◆ What to produce ◆
Images are to be left out; everything else in the listing should be repeated exactly.

◆ Data excerpt ◆
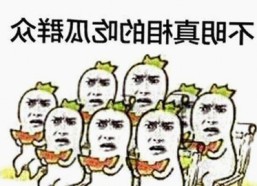 全面了解黄页网站免费版，轻松导航商洛市各类资源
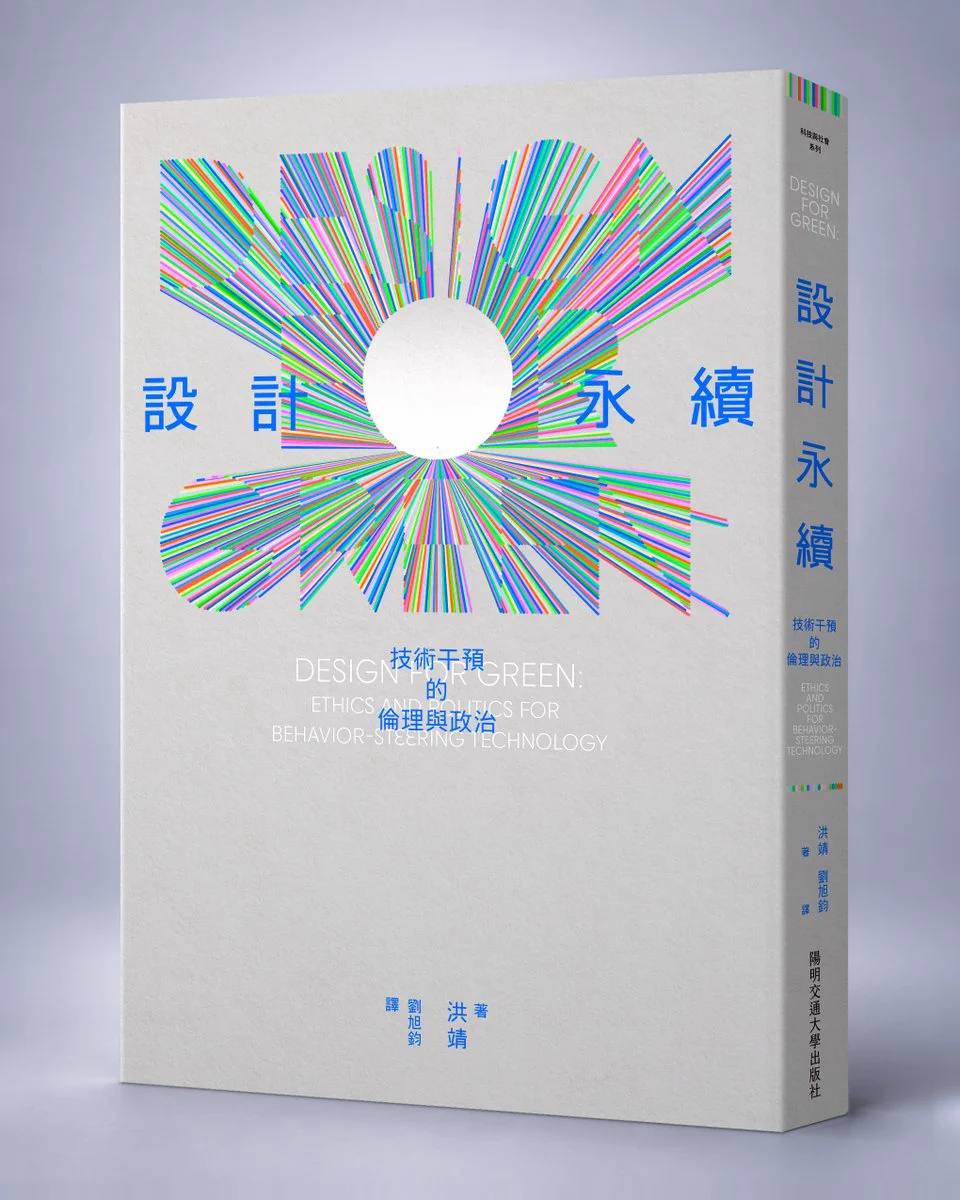 3D mockup of the book Design for Green, a light gray paperback. On the front, a burst of thin lines in blue, green, pink and orange radiates from a white circle at the center. The Chinese title is set in large blue characters across the middle, with the English title "Design for Green: Ethics and Politics for Behavior-Steering Technology" in white below it. Author: Ching Hung. Translator: Hsu-Chun Liu. The spine shows the publisher, National Yang Ming Chiao Tung University Press.
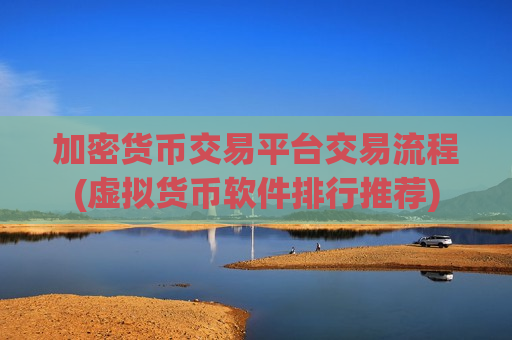 加密货币交易平台交易流程(虚拟货币软件排行推荐)-第1张图片-币圈网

◆ Response ◆
 全面了解黄页网站免费版，轻松导航商洛市各类资源
 3D mockup of the book Design for Green, a light gray paperback. On the front, a burst of thin lines in blue, green, pink and orange radiates from a white circle at the center. The Chinese title is set in large blue characters across the middle, with the English title "Design for Green: Ethics and Politics for Behavior-Steering Technology" in white below it. Author: Ching Hung. Translator: Hsu-Chun Liu. The spine shows the publisher, National Yang Ming Chiao Tung University Press.
 加密货币交易平台交易流程(虚拟货币软件排行推荐)-第1张图片-币圈网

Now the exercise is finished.